WCF with Windows service hosting for Host and Client - c#

I have a WCF with Windows service hosting for a background DB operation. I have included the client part also in the same windows service with a timer instead of creating a seperate windows service for the client part.
I would like to know is there any drawback with this approach.

Have to agree with #Kek why have a WCF service at all if there are no outside callers :) Other than that there is no real drawback compared to using 2 windows services, your approach uses less memory and there is only one service to manage (start, stop etc).

I agree with #Tommy Grovnes in most cases: no drawback if things are done correctly.
I'd like to point out something though:
If service and client are in the same process, certainly the later depends on the former... and you may be tempted to call service methods directly (without using WCF actually)... Try not to do that.
If you do, your data is not serialized : so it is faster, but it may not behave the exact same way compared to a client in another process.
This is particulary true if you use mechanisms such as EF Self tracking entities. These entities change their state when they are deserialized. Avoiding the serialization may lead to unexpected errors when you actually call your service from another process.

Related

Why can't a client speak directly (!) with a WCF server , instead of using a proxy class that does that?

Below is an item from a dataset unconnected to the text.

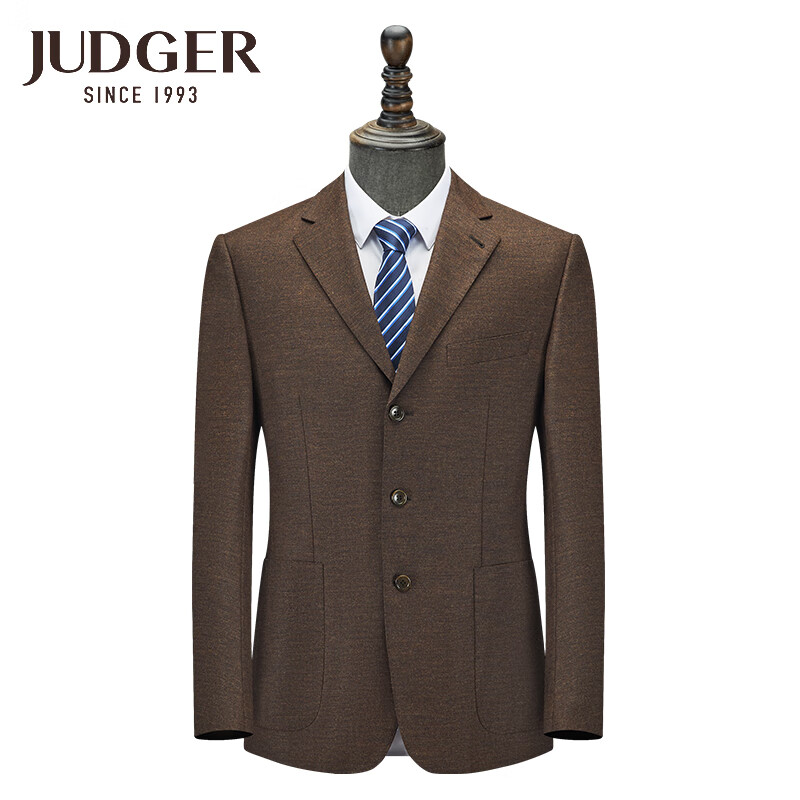 庄吉（Judger）秋冬男士复古厚款羊毛西装毛料商务男士单件西服 枣红色 180/104B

I'm currently learning the basics of WCF , and I stumbled upon the following flow :
Meaning that my client needs to speak with a Proxy class , that communicates with the WCF server .
Why can't I (the client) speak directly with the server , instead of using a third party for the job ?
There's nothing stopping you from not using a c# WCF proxy client to communicate with a WCF service, you could always do without and use say raw TCP/HTTP/pipes/MSMQ. However, doing so generally requires alot of effort and time - time during which most people would generally prefer to spend reading the Hitchhiker's Guide to the Galaxy.
Heavy?
WCF proxies are actually not as heavy as it may sound. They're not really "3rd party" either. There're generally nothing more than light-weight classes compiled in with your application. They don't run say out-of-process as may happen in certain COM scenarios.
The notion of a "3rd party" proxy is not unique to WCF. DCOM also has the concept of proxies, but unlike WCF, they are created for you behind the scenes and are unable to be avoided. Sometimes, as mentioned, they even run in another process! WCF, or should I say SOAP services (generally), differs from DCOM because the client proxies are not required. They just make the use case of using a SOAP service easier. Luckily that part of Windows had to make way for a hyperspace bypass, so the use of DCOM in contemporary applications is essentially no more.
The client proxies help your life by:
encapsulating and serializing the method call into a request message (usually SOAP)
abstracting you from the underlying transport when the call to the service is made transmitting the request message from the prior step. i.e. using TCP; HTTP; MSMQ etc APIs. Want your TCP WCF service to accept a local named pipe client? Easy just change the config file, no code change is generally required!
deserializing the response message into a user friendly c# object(s)
handles all the tedious; complex and necessary security for you in the form of security tokens; cookies et al
When is WCF not WCF?
So going back to your question again:
Why can't a client speak directly (!) with a WCF server , instead of using a proxy class that does that?
...when you consider that WCF unifies all the comms APIs into a single API; abstracts and encapsulates a SOAP service, then we could say that all WCF clients by definition use WCF proxies to talk to a WCF service.
As soon as a client explicitly uses raw TCP; MSMQ; HTTP; named pipes APIs in code, it essentially stops being a WCF client (remember WCF is all about unified comms) and instead becomes a SOAP client (or perhaps REST). I would even argue that using the IRequestChannel interface with its Request() method, introduces a messaging concept that was not apparent with standard WCF client proxy code (even if it still abstracts transports from the user). By way of comparison, if I add a MSMQ binding to my pure WCF-client-proxy-using-app's WCF config, my code generally doesn't take on an asynchronous messaging model typically associated with MSMQ. That's the nice thing about WCF.
Of course the server, written in WCF, will be quite content in the knowledge that it considers itself "WCF" regardless of whether clients think it is WCF; SOAP or some scary XML payload being shot over TCP in much the same way as the deity that is Pluto, considers itself to be a planet regardless of what classification system happens to be in fashion at the time.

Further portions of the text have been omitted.